____ RECORD SET

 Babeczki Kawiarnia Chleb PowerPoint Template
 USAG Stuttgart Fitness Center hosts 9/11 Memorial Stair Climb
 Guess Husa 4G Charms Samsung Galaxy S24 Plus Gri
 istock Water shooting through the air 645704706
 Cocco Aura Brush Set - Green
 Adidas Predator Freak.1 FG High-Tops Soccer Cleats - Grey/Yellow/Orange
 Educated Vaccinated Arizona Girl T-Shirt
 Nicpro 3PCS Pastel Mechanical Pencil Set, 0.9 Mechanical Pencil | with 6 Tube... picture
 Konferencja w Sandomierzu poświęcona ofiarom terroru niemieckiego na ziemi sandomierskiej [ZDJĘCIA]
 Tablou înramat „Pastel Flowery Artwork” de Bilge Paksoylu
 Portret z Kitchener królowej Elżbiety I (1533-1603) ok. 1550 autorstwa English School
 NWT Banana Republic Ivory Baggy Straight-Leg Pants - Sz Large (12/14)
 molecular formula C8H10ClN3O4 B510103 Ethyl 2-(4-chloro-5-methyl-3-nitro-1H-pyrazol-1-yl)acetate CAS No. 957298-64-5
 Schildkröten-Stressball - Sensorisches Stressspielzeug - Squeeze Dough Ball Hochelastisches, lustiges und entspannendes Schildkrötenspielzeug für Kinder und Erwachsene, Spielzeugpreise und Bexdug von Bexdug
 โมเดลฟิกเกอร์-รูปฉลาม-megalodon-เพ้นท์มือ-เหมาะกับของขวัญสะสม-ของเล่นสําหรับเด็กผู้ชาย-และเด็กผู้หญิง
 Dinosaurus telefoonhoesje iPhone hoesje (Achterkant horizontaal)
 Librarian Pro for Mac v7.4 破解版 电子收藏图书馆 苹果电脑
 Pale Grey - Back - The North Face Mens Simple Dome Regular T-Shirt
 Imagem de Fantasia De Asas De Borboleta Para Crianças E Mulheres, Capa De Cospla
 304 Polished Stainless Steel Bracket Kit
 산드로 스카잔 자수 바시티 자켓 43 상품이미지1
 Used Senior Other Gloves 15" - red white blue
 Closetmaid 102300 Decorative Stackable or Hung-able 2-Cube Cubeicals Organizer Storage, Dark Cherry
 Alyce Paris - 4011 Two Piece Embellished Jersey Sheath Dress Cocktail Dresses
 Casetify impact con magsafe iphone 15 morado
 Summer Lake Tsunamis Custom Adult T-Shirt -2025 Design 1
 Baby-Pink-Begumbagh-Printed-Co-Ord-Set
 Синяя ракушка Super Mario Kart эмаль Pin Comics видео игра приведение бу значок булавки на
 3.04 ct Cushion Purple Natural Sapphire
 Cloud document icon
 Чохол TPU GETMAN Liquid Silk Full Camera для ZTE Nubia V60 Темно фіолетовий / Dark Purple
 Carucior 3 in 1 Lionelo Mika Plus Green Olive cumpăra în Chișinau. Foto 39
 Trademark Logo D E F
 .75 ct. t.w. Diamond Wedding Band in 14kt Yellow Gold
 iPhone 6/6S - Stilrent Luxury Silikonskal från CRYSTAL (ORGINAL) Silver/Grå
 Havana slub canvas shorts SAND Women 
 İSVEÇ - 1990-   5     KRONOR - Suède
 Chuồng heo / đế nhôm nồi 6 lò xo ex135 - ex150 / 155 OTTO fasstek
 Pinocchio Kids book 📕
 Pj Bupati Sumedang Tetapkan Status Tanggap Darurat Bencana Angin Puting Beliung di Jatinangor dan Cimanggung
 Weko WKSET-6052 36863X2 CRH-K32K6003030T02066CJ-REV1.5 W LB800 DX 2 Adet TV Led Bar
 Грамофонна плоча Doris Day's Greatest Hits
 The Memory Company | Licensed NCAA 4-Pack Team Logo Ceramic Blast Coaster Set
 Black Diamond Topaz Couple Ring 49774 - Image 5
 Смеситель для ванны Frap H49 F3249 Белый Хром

________

### EXERCISE
Could you retype exactly the lines from the one containing "Black Diamond Topaz" through the final line of the data above, and no others?

### YOUR SOLUTION
 Black Diamond Topaz Couple Ring 49774 - Image 5
 Смеситель для ванны Frap H49 F3249 Белый Хром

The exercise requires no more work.